Festejos Juninos na Bahia e o dinheiro que não chega às mulheres na música

A disparidade de gênero nos festejos juninos da Bahia revela que as mulheres enfrentam significativas desigualdades em oportunidades e cachês, com a maioria das contratações e remunerações sendo direcionadas a artistas homens, especialmente no sertanejo.

Festejos Juninos na Bahia e o dinheiro que não chega às mulheres na música
Mari Fernandez no São João em Salvador. (Foto: Bruno Dias/Portal Massa)

É difícil estimar com precisão o impacto econômico dos festivais no Brasil, mas, segundo a Associação Brasileira dos Promotores de Eventos (Abrape), o setor representa 4,5% do PIB, gerando um faturamento anual estimado no valor em R$ 314,2 bilhões. De acordo com o banco de dados do Mapa dos Festivais, apenas no primeiro semestre deste ano, foram realizados 146 festivais, com um ticket médio de R$ 432,00.

O crescimento deste mercado, e principalmente sua maturidade a cada ano, cria oportunidades para mão de obra em diferentes áreas na produção de grandes eventos, dos bastidores aos palcos. No entanto, em um cenário financeiramente próspero, quando falamos de igualdade de oportunidades entre os gêneros, a conversa muda de tom.

Nos festivais de música, as mulheres representaram apenas 34,6% dos atos musicais contratados em 43 festivais brasileiros realizados em 2023. Embora seja possível organizar e analisar dados sobre a presença de mulheres nas programações de festivais produzidos por empresas privadas, já que essas são informações públicas, descobrir o panorama da remuneração dessas artistas é uma tarefa árdua, pois esses dados são privados.

O que fica cada vez mais evidente são os postos de trabalho negados às mulheres nos palcos dos festivais de música. No entanto, os valores que não chegam aos bolsos dessas artistas ainda carecem de transparência, dificultando o mapeamento do real tamanho desse prejuízo.
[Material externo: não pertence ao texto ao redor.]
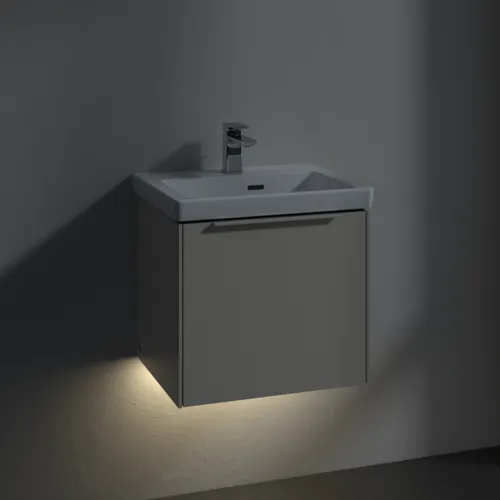 Bild von VILLEROY BOCH Subway 3.0 Waschbeckenunterschrank, mit Beleuchtung, 1 Auszug, 473 x 429 x 408 mm, Cashmere Grey #C580L2VN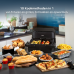 PHILIPS  Airfryer 1000-serie Dual Basket - NA154/00 - Dubbele Mand - Flexible Basket - 7,1 L - Tot 5 Personen - Zwart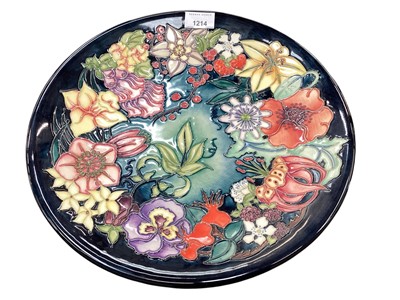 Lot 1214 - Six various Moorcroft pottery dishes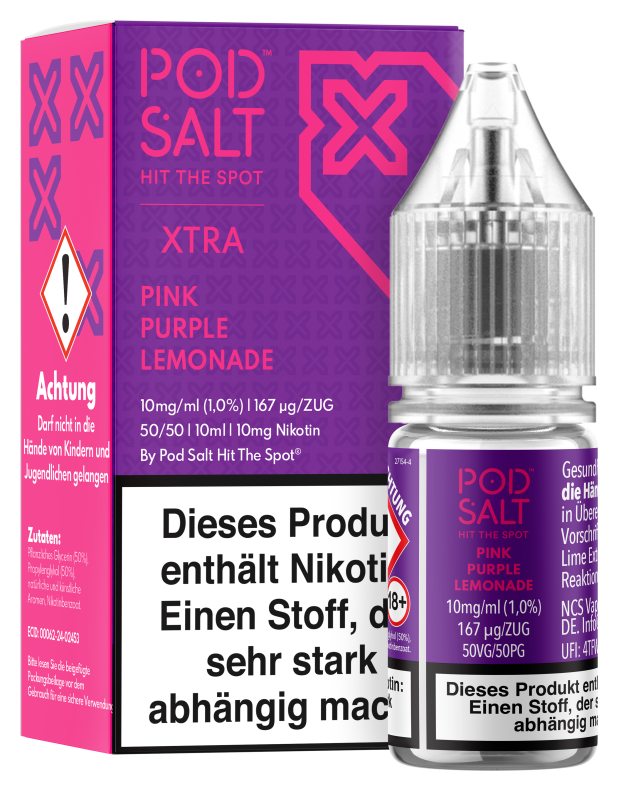 Pod Salt Xtra - Pink Purple Lemonade Pod Salt Xtra - Pink Purple Lemonade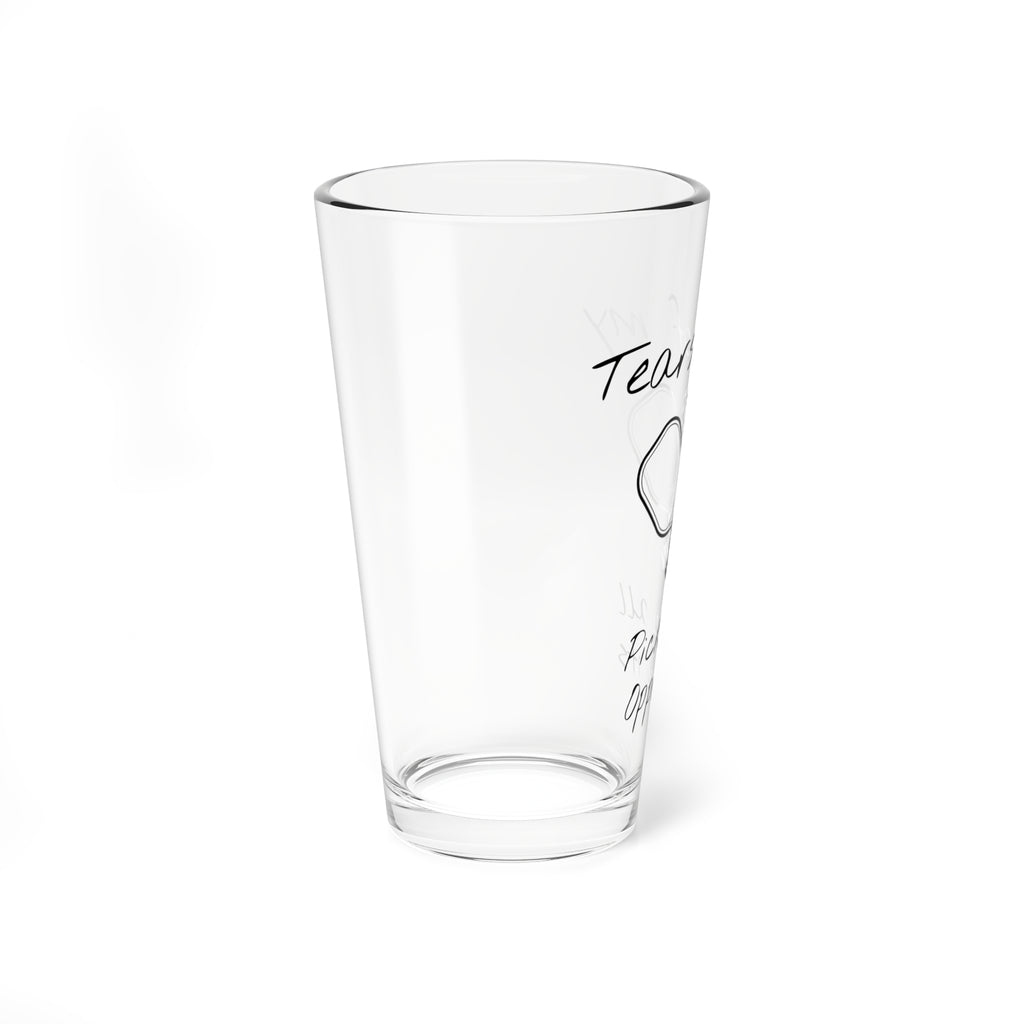 16oz Pint Glass — "Tears of My Pickleball Opponents"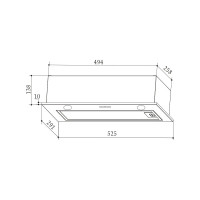 Вытяжка Weissgauff FIONA 60 X 420857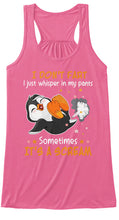 Load image into Gallery viewer, I Don't Feart I Just Whisper In My Pants Sometimes It's A Scream Ladies Flowy Tank
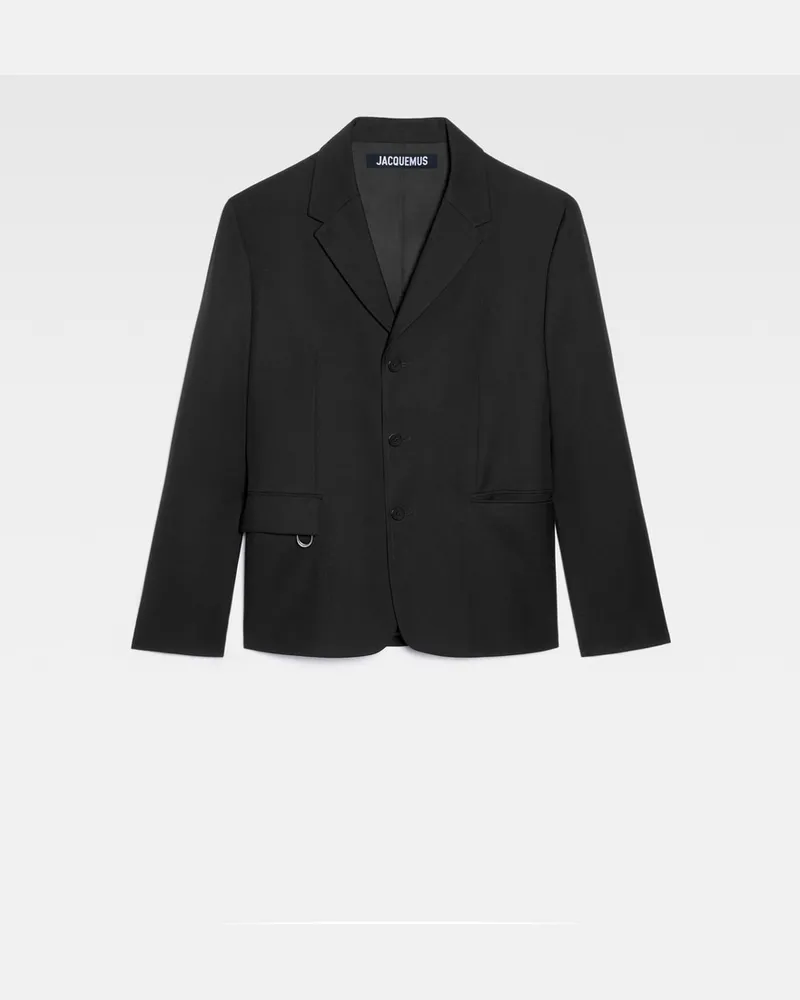 Jacquemus The Cabri Jacket - Black Black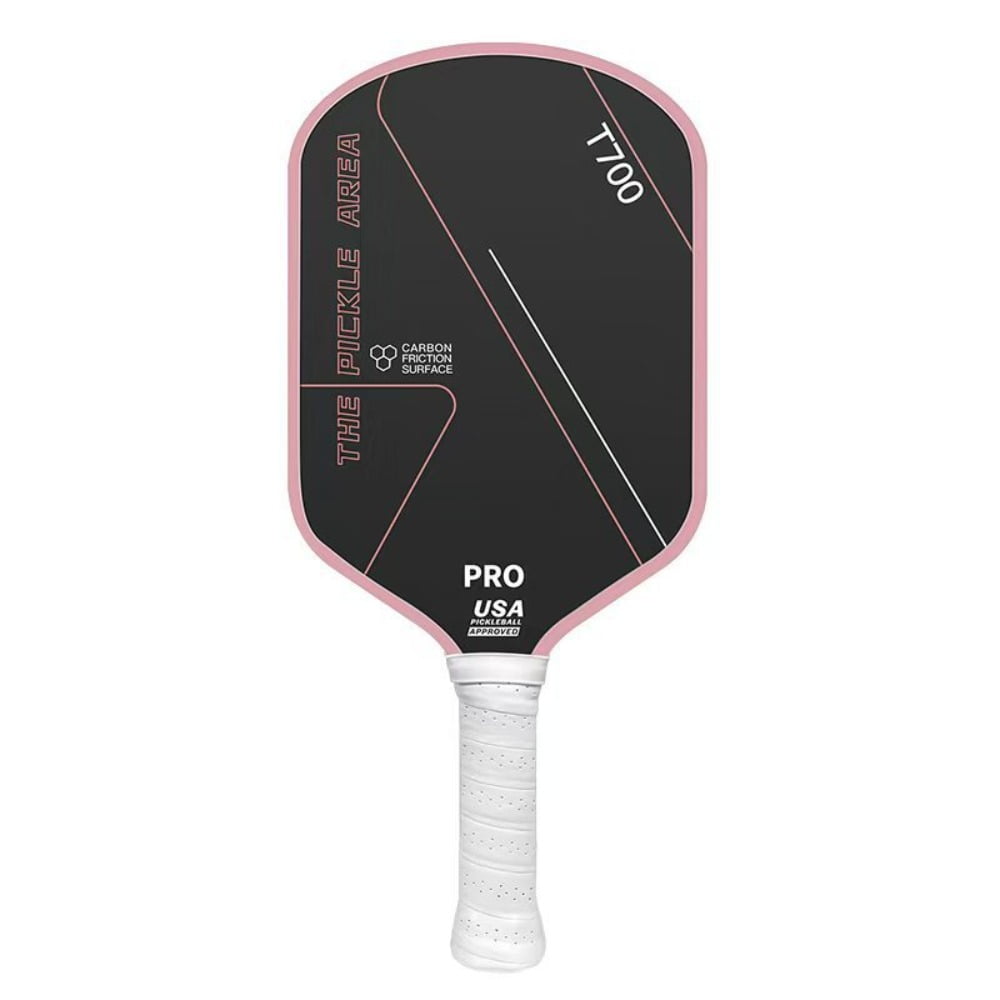 T700 Pickleball Paddle Carbon Fiber Professional Racket with Textured Surface (Black, 16.34 in x 7.48 in) l123p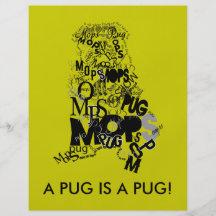 Pug of types full color flyer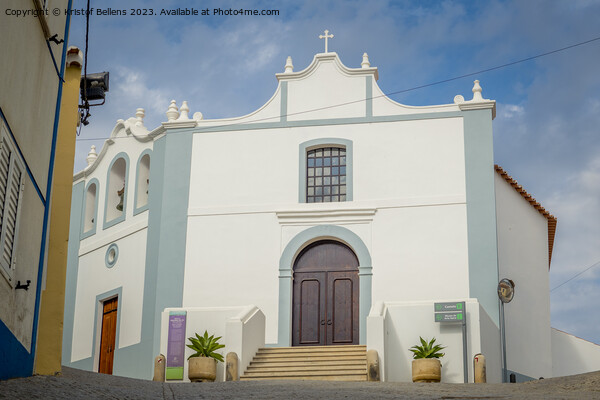 View on Igreja da Misericordia, church of Aljezur in Algarve, Portugal Picture Board by Kristof Bellens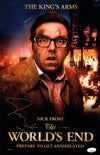 Nick Frost The Worlds End 11x17 Signed Photo Poster JSA COA Certified Autograph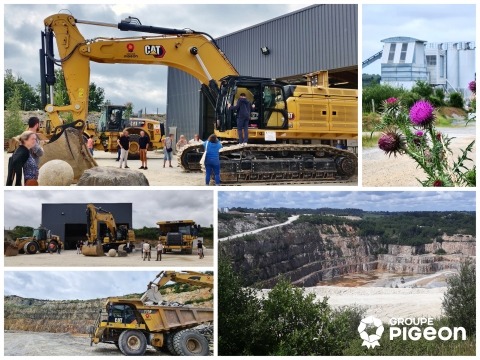 VISITE | A la découverte de la carrière d’Entrammes (53), actualité du Groupe Pigeon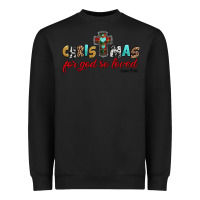 Black christmas for god so loved john 3 16 Heavyweight Sweatshirt - Jasminsmagicworld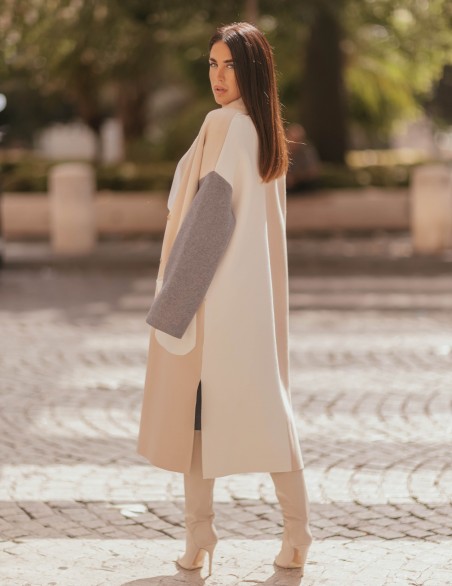VICOLO CAPPOTTO  COLOR BLOCK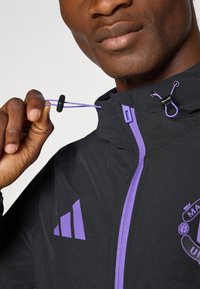 adidas Performance MANCHESTER UNITED VISTECH - Club wear - black/purple rush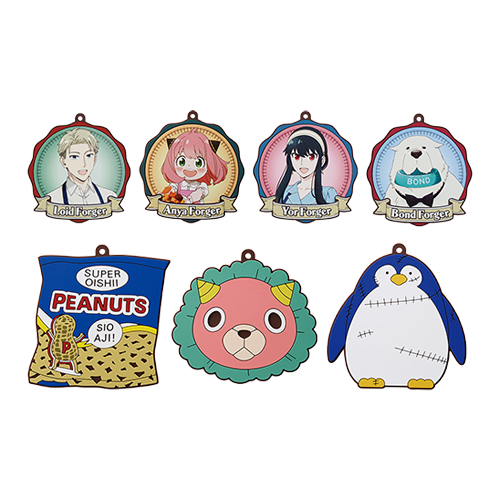 間諜家家酒 精美橡膠杯墊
Felizmente, quando se trata de eventos realizados por entes públicos, temos a nosso favor a transparência dos contratos e valores. É o caso das festas juninas, que cada vez mais adotam mecanismos e tecnologias para dar à sociedade acesso às informações relacionadas aos gastos nos festejos.

Entre todos os estados que possuem festejos juninos em suas agendas oficiais, a Bahia foi pioneira na criação de um painel de transparência. Seguido agora de Pernambuco, que aderiu ao mesmo sistema pela primeira vez este ano.

São João Pé no Chão

O Painel de Transparência dos Festejos Juninos nos Municípios do Estado da Bahia foi concebido em 2023 e desenvolvido pelo Ministério Público estadual em parceria com os Ministérios Públicos de Contas junto aos Tribunais de Contas do Estado (MPC/TCE) e dos Municípios (MPC/TCM), além dos Tribunais de Contas do Estado (TCE) e dos Municípios (TCM). O projeto também contou com a colaboração da Rede de Controle da Gestão Pública na Bahia, com o apoio da União dos Municípios da Bahia (UPB), da União das Controladorias Internas da Bahia (UCIB), do Serviço Brasileiro de Apoio às Micro e Pequenas Empresas (SEBRAE/BA), da Universidade Federal da Bahia (UFBA) e do Governo do Estado da Bahia.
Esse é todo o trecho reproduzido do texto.